**Problem to work on:** Once you reach the line containing "BMW Seria 2 G42-U06" in the data below, restate each line word for word up to and including the one containing "Set of 3 volumes".

**Records to process:**
══════
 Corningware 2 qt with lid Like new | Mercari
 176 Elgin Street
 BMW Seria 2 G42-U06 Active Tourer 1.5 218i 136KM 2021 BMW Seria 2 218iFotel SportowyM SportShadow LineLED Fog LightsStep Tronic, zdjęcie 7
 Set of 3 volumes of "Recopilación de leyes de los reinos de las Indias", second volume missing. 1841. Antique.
══════
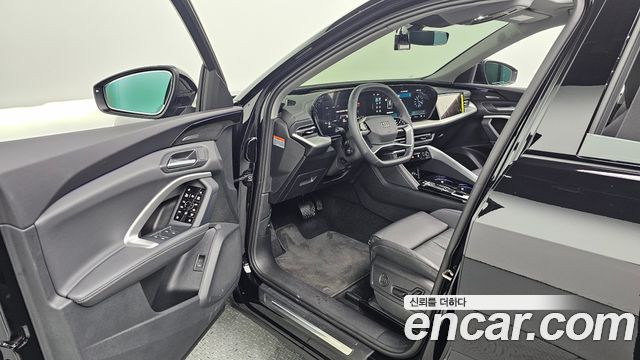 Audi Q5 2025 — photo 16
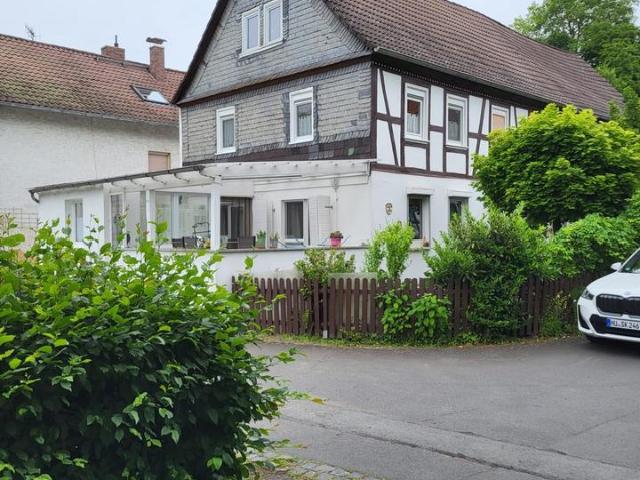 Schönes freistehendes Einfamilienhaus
══════
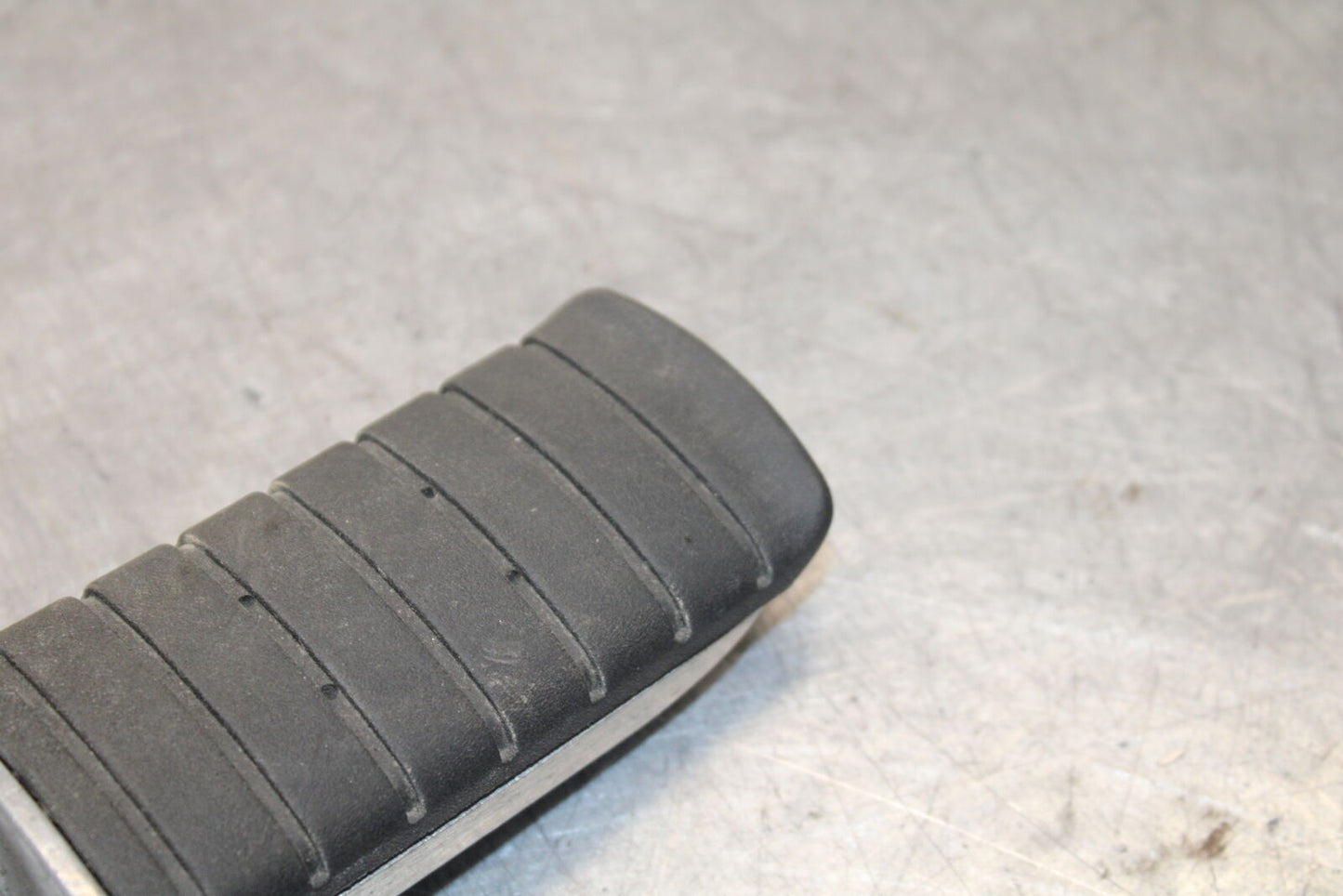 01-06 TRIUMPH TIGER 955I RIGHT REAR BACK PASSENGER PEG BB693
══════
**Expected output:**
 BMW Seria 2 G42-U06 Active Tourer 1.5 218i 136KM 2021 BMW Seria 2 218iFotel SportowyM SportShadow LineLED Fog LightsStep Tronic, zdjęcie 7
 Set of 3 volumes of "Recopilación de leyes de los reinos de las Indias", second volume missing. 1841. Antique.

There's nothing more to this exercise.